### [Information given]
○ ○ ○ ○

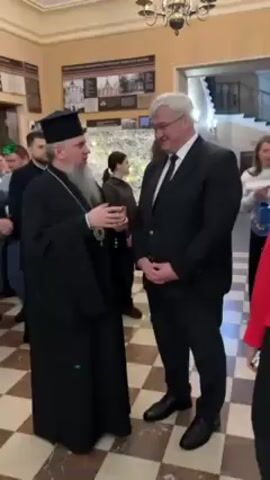 The video shows a brief scene in an indoor setting, possibly a lobby or hall, where three people are the main focus. A bearded man wearing a black religious robe and hat is speaking to a man in a black suit. A woman wearing a red jacket joins them. Several other people are visible in the background, including a child in a striped shirt. The walls have light beige tiling. There is a display panel with images on the wall to the left, and a staircase visible in the background leading upstairs. An ornate chandelier hangs from the ceiling. The main action involves conversation between the three individuals, with the man in the robe appearing to be the primary speaker.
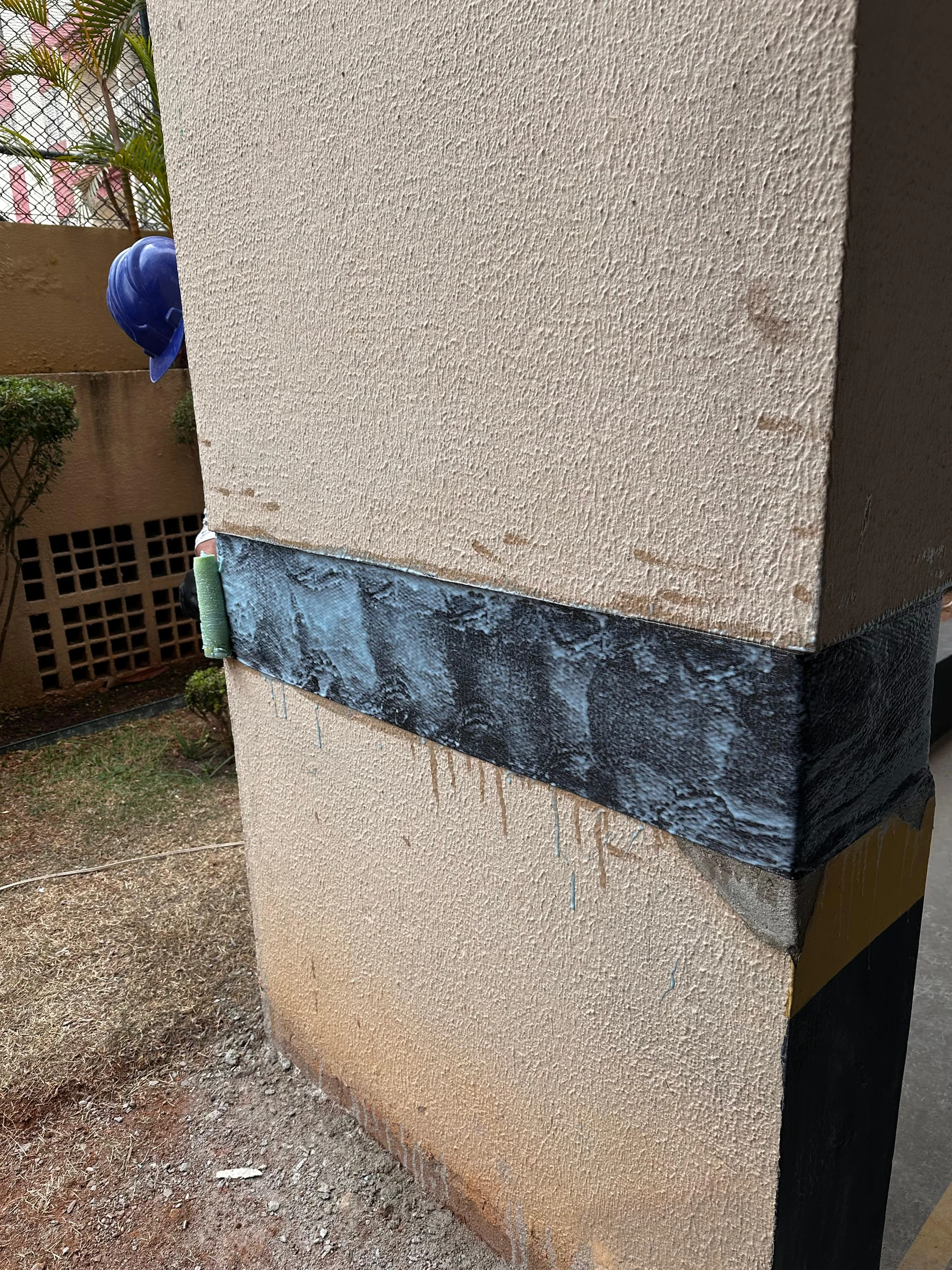 Aplicação de reforço com fibra de carbono ao redor de um pilar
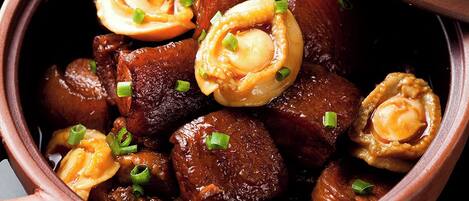 Un bol de nourriture avec un couvercle, contenant ce qui semble être un ragoût ou un curry avec des morceaux de viande, et garni d’oignons verts.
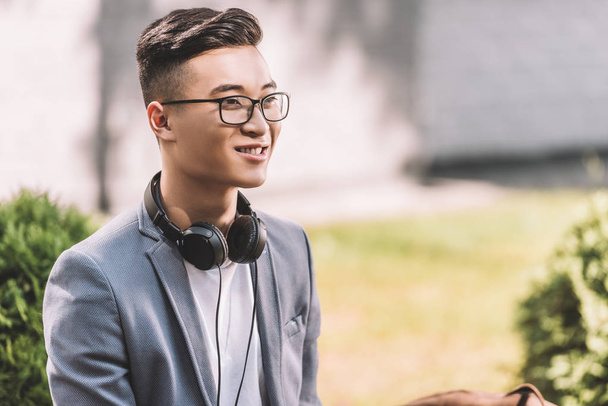 komea hymyilevä aasialainen mies kuulokkeet katselee pois
 - Valokuva, kuva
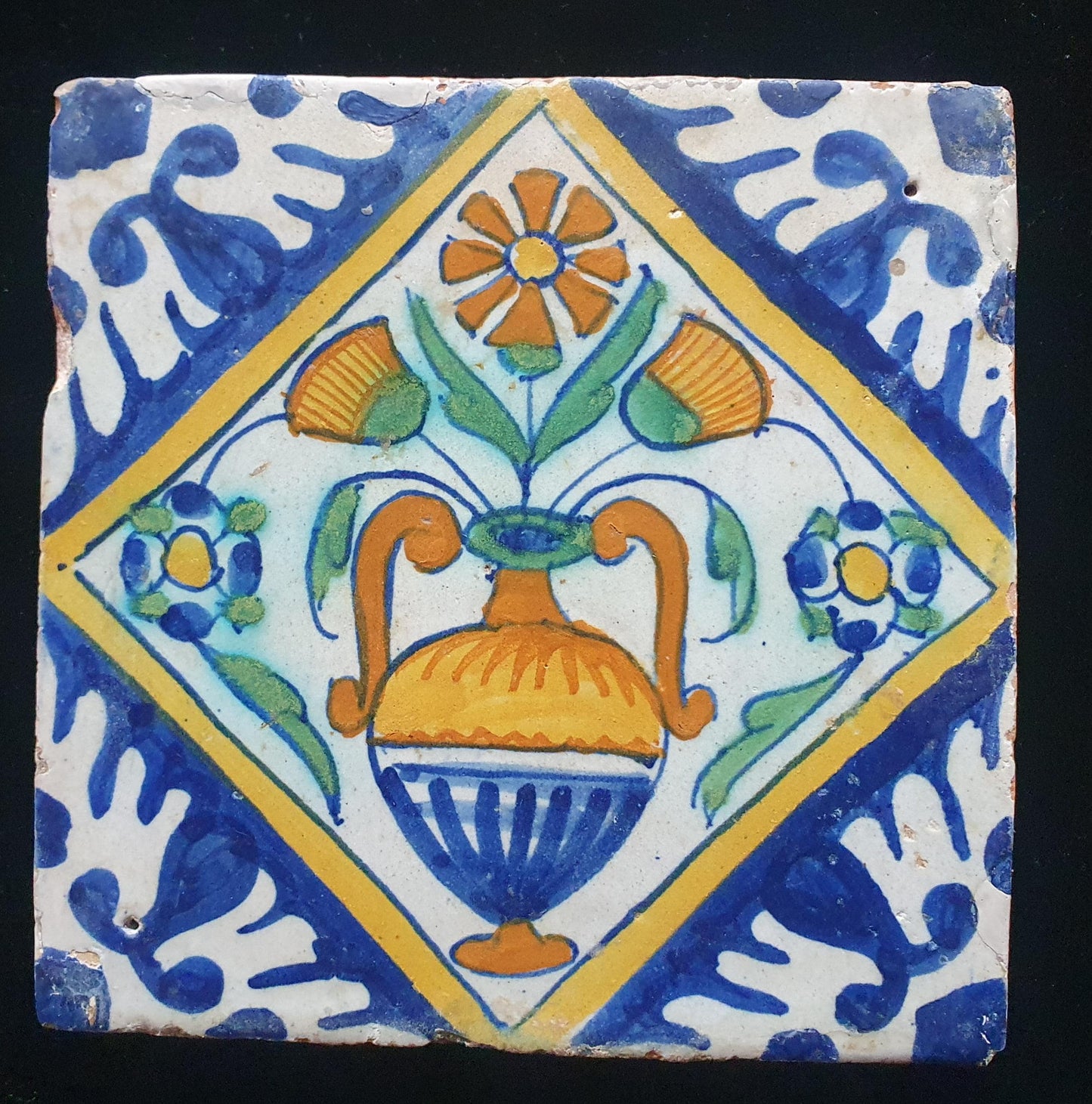 Een polychrome Nederlandse majolicategel met de decoratie van een kleurrijke bloemenvaas;  Dutch 17e eeuw, verzameltegel, backsplash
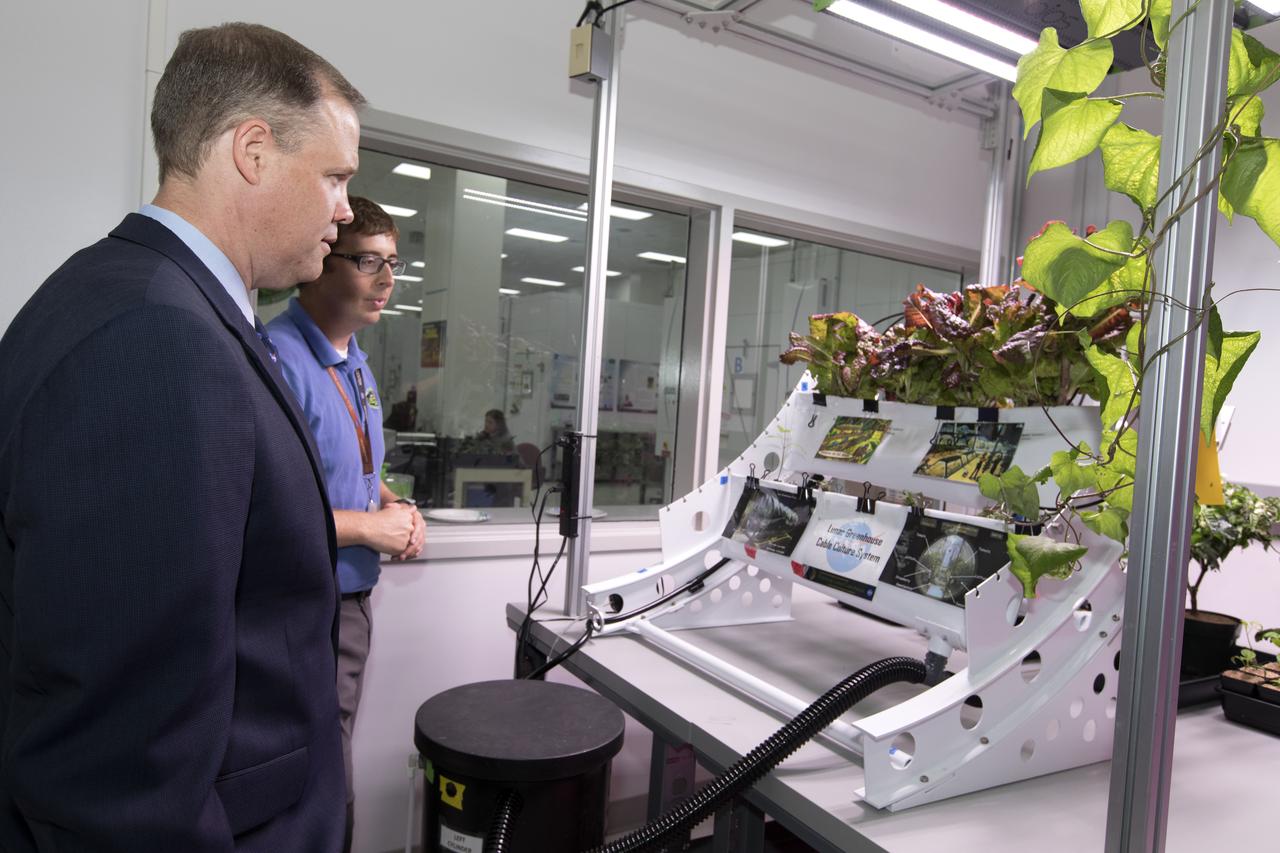 NASA Administrator Jim Bridenstine, at left, tours a plant research laboratory inside the Space Station Processing Facility (SSPF) at NASA's Kennedy Space Center in Florida, on Aug. 7, 2018. At right is Matt Romeyn, project scientist. Bridenstine received updates on research and technology accomplishments during his visit to the SSPF.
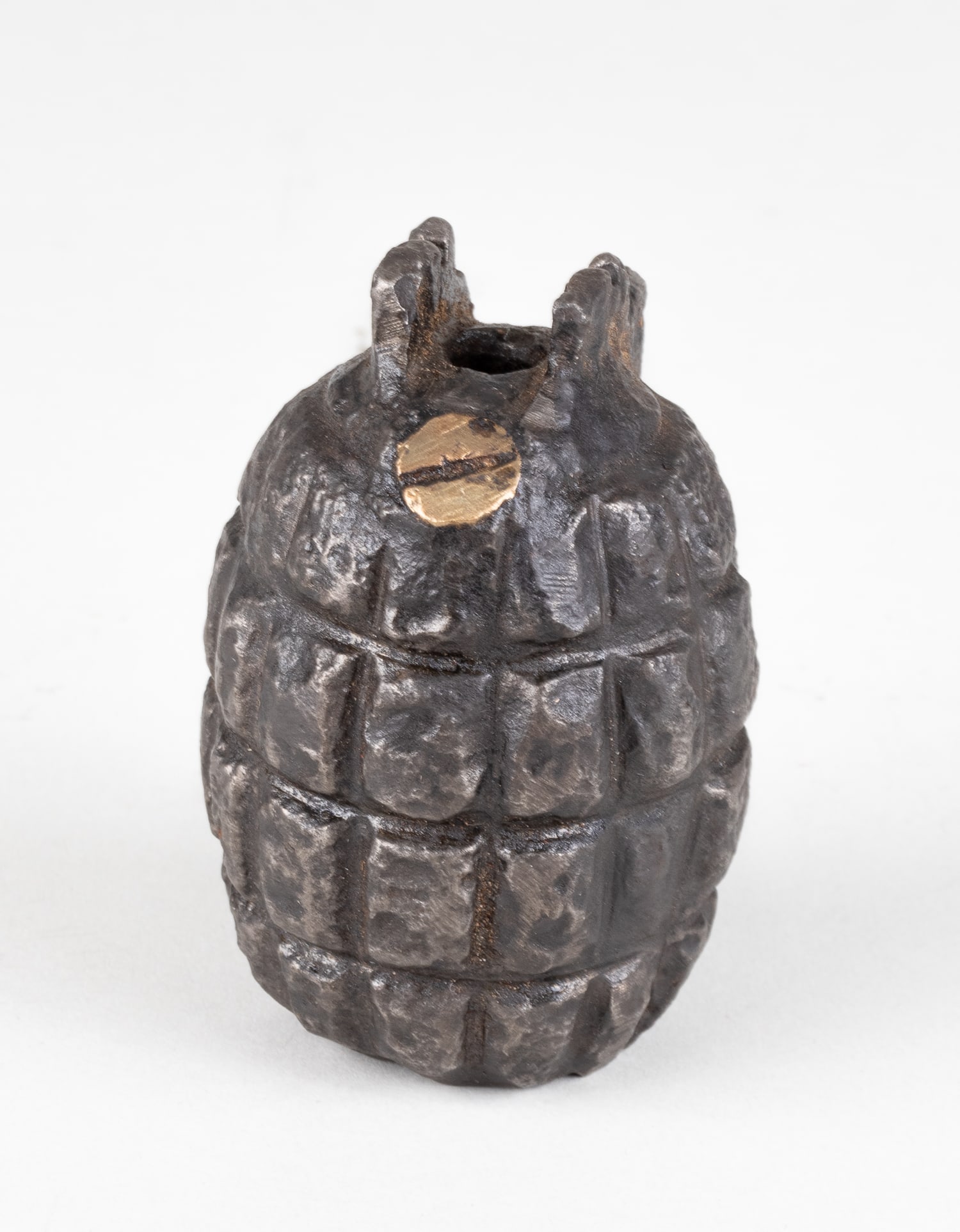 WWI & WWII BRITISH MILLS BOMB GRENADE: Inert early WWI British Mills Bomb fragmentation grenade recovered in Ypres, Belgium. They were the first modern fragmentation grenades used by the British Army and saw widespread use in the First and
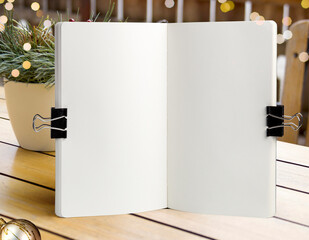 Notebook mockup on a background of wooden table with a bokeh lights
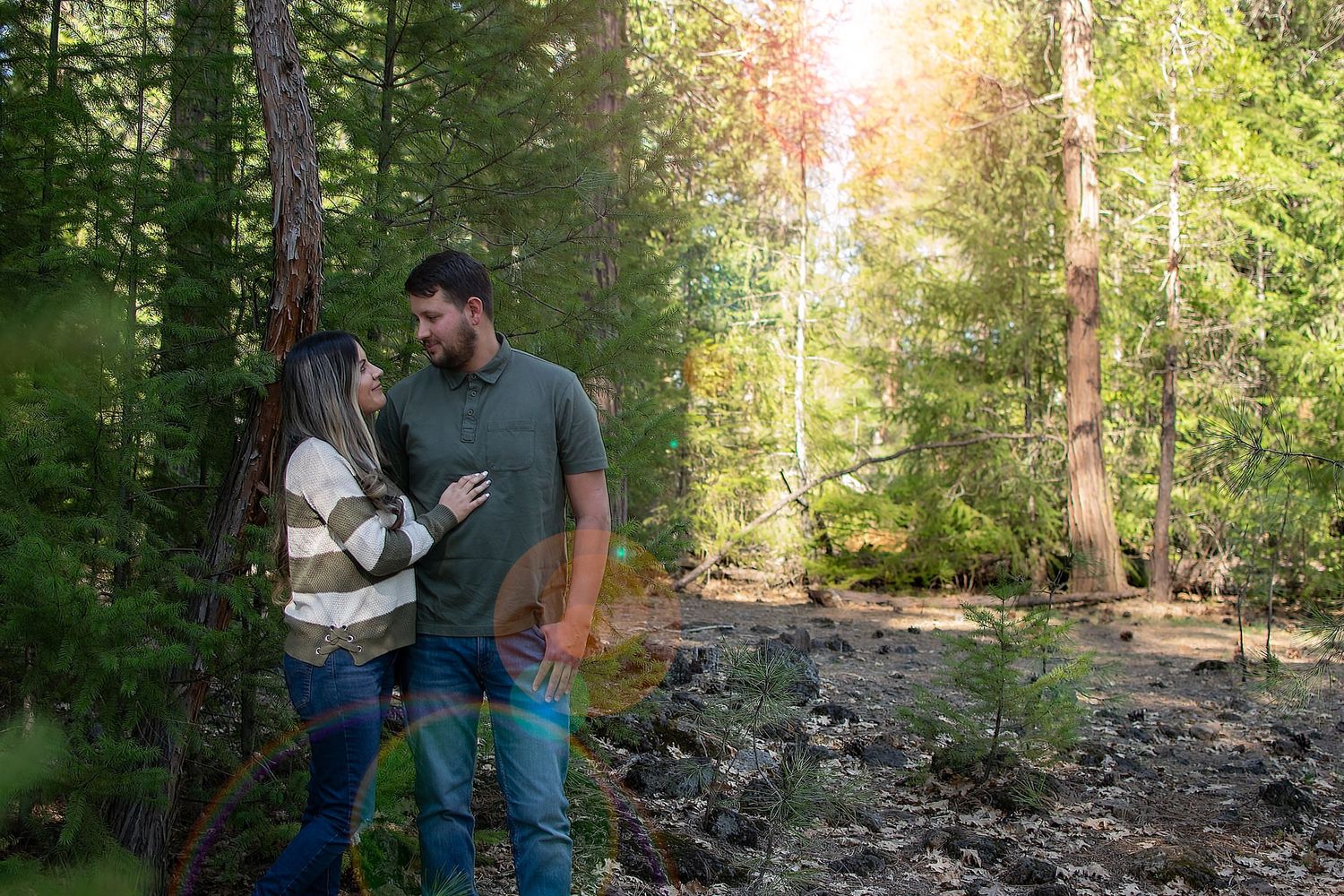 Couple poses in sunlit forest with golden light streaming through trees.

○ ○ ○ ○

The entries above are to be repeated exactly, except for any pictures.

### [Result below]
 The video shows a brief scene in an indoor setting, possibly a lobby or hall, where three people are the main focus. A bearded man wearing a black religious robe and hat is speaking to a man in a black suit. A woman wearing a red jacket joins them. Several other people are visible in the background, including a child in a striped shirt. The walls have light beige tiling. There is a display panel with images on the wall to the left, and a staircase visible in the background leading upstairs. An ornate chandelier hangs from the ceiling. The main action involves conversation between the three individuals, with the man in the robe appearing to be the primary speaker.
 Aplicação de reforço com fibra de carbono ao redor de um pilar
 Un bol de nourriture avec un couvercle, contenant ce qui semble être un ragoût ou un curry avec des morceaux de viande, et garni d’oignons verts.
 komea hymyilevä aasialainen mies kuulokkeet katselee pois
 - Valokuva, kuva
 Een polychrome Nederlandse majolicategel met de decoratie van een kleurrijke bloemenvaas;  Dutch 17e eeuw, verzameltegel, backsplash
 NASA Administrator Jim Bridenstine, at left, tours a plant research laboratory inside the Space Station Processing Facility (SSPF) at NASA's Kennedy Space Center in Florida, on Aug. 7, 2018. At right is Matt Romeyn, project scientist. Bridenstine received updates on research and technology accomplishments during his visit to the SSPF.
 WWI & WWII BRITISH MILLS BOMB GRENADE: Inert early WWI British Mills Bomb fragmentation grenade recovered in Ypres, Belgium. They were the first modern fragmentation grenades used by the British Army and saw widespread use in the First and
 Notebook mockup on a background of wooden table with a bokeh lights
 Couple poses in sunlit forest with golden light streaming through trees.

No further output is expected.